### Recorded information
—————
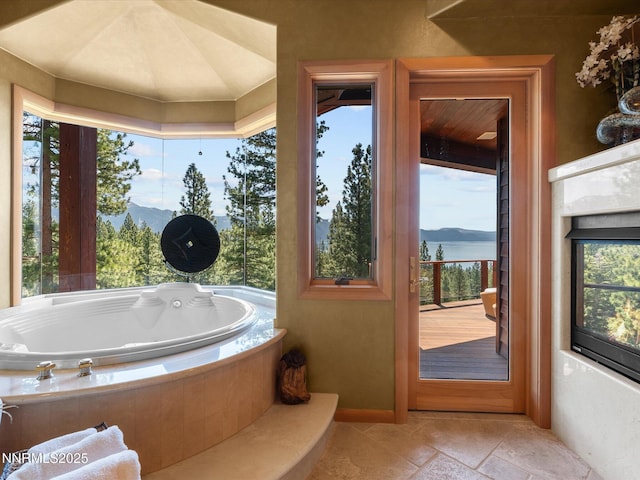 563 Knotty Pine Dr, Incline Village, NV 89451 - full bath with plenty of natural light, a garden tub, and a mountain view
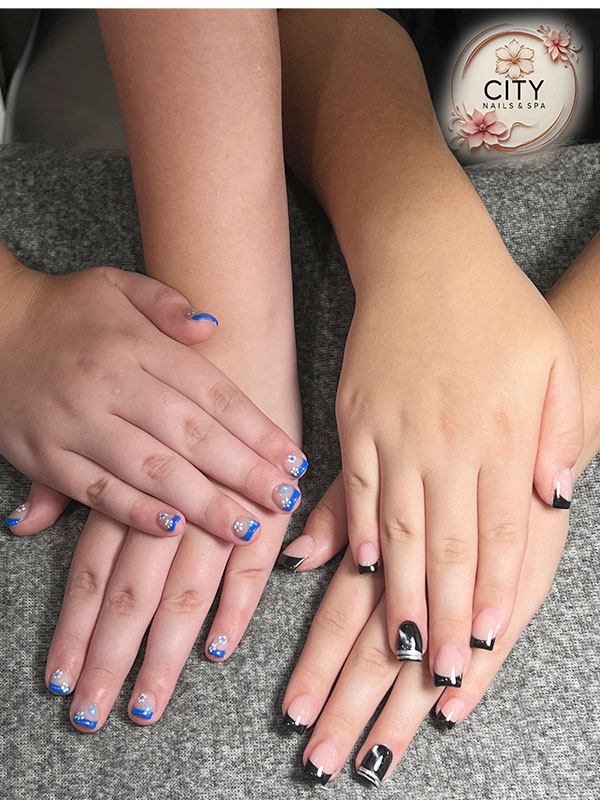 Pink ombre acrylic nails with glitter accent at City Nails & Spa Canton GA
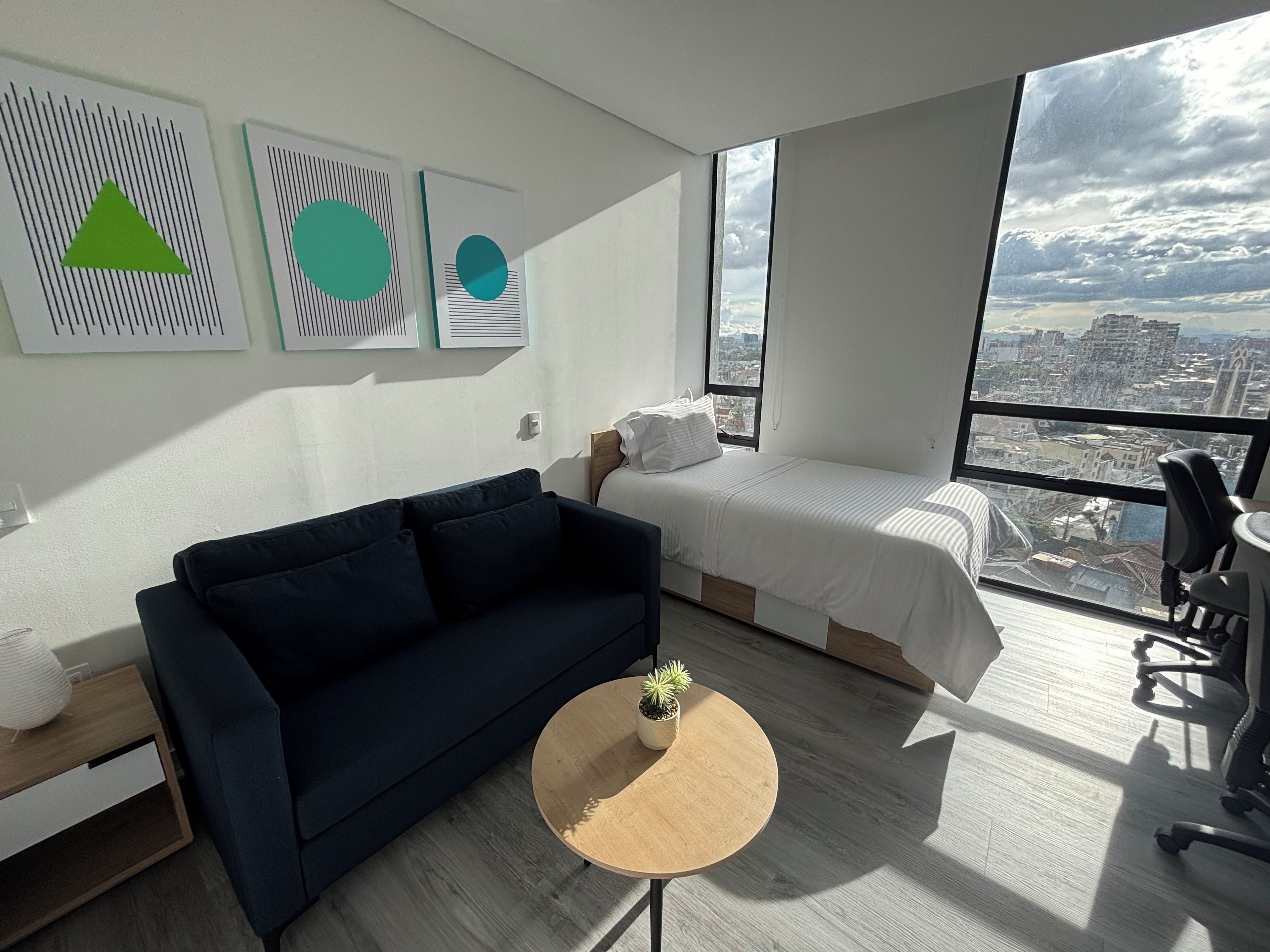 Une chambre d’hôtel moderne avec un grand lit, un canapé, une petite table ronde agrémentée d’une plante, et une vue sur la ville par une grande fenêtre.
—————
Restate exactly the lines that start at the "Pink ombre acrylic" line and end with the last line of the material above, leaving out the pictures.

### Answer section
 Pink ombre acrylic nails with glitter accent at City Nails & Spa Canton GA
 Une chambre d’hôtel moderne avec un grand lit, un canapé, une petite table ronde agrémentée d’une plante, et une vue sur la ville par une grande fenêtre.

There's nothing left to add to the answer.